> [Items from a dataset]

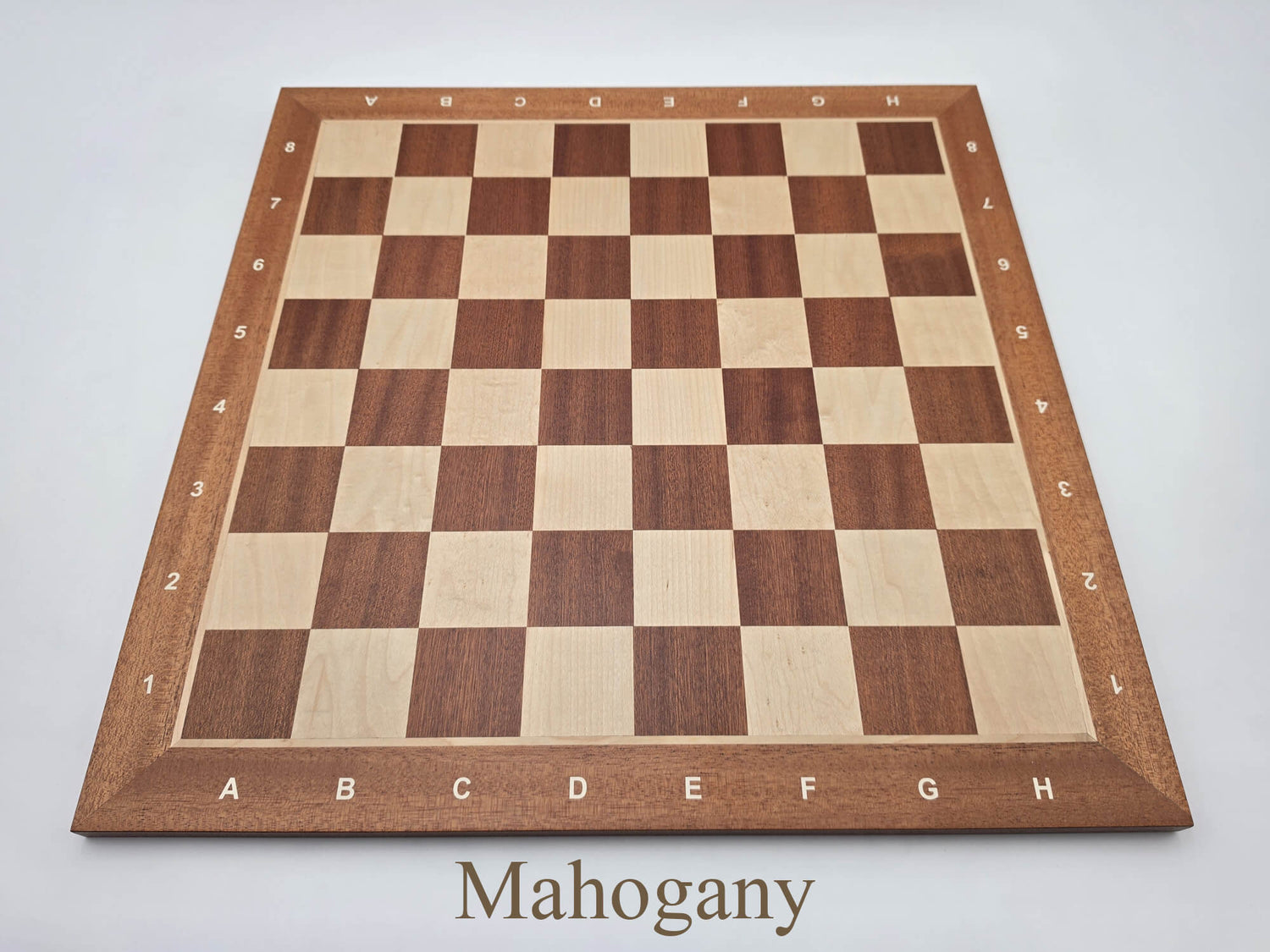 Top-down view of the stunning Monarch Series mahogany and maple chess board, featuring high-contrast 57mm squares and clear algebraic notation.
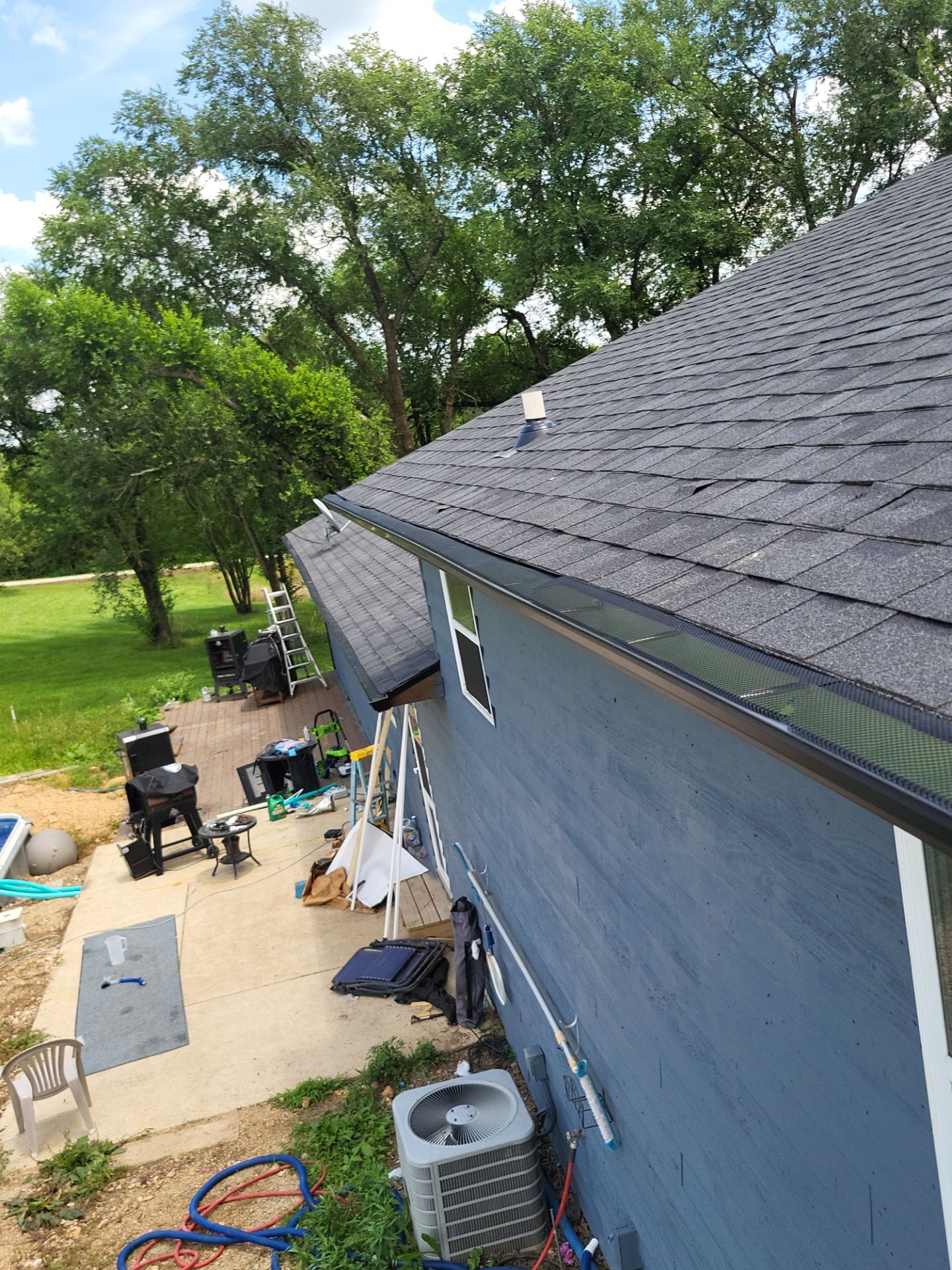 Residential Roof + Gutters & Downspouts Install  by Titan Commercial & Residential Roofing 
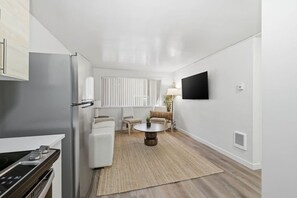 A compact kitchen with a refrigerator, stove, and microwave. There is a dining area with a table and chairs, a TV mounted on the wall, and a window with blinds.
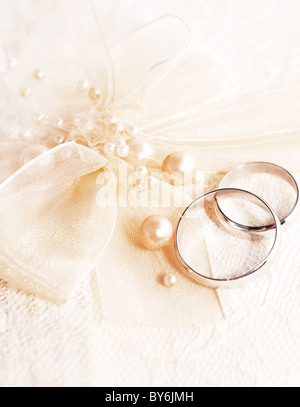 Paar goldene Hochzeit Ringe über Einladungskarte mit Seidenschleife & Perlen verziert Stockfoto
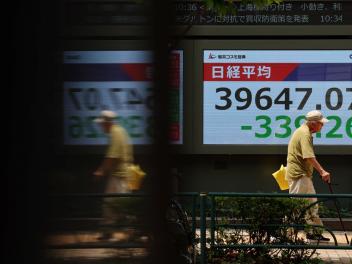 Un hombre pasa delante de una pantalla con las cotizaciones de las acciones del índice  Nikkei, en la bolsa de Tokio.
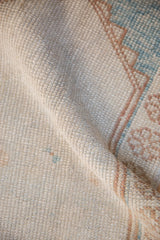 Distressed Oushak rug detail: low pile, worn knot heads, subtle ivory, pale brown, powder blue.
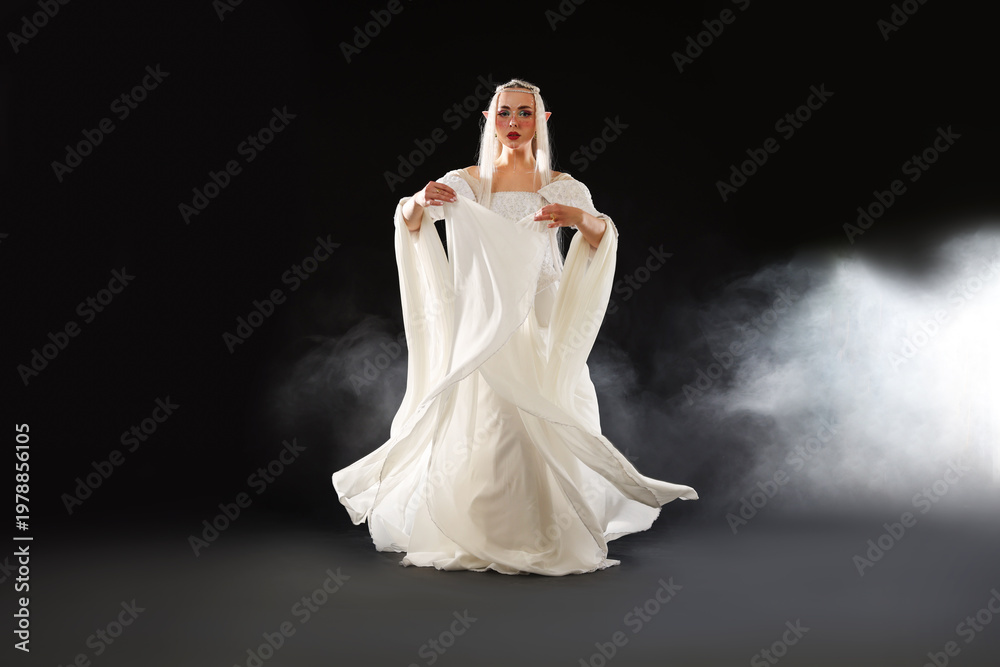Naklejka premium Beautiful girl dressed as elf on black background with smoke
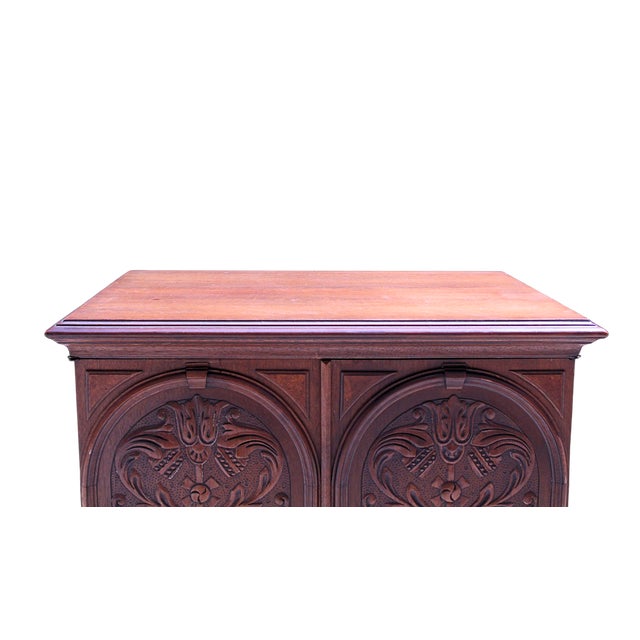 A striking antique Jacobean Revival bar cabinet by renowned American furniture maker Berkey & Gay, dating to the 1920s....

> [REQUIREMENT]
Without the pictures, transcribe the lines from the one containing "Naklejka premium Beautiful" through the end of the data, exactly and only those.

> [WORKED SOLUTION]
Naklejka premium Beautiful girl dressed as elf on black background with smoke
 A striking antique Jacobean Revival bar cabinet by renowned American furniture maker Berkey & Gay, dating to the 1920s....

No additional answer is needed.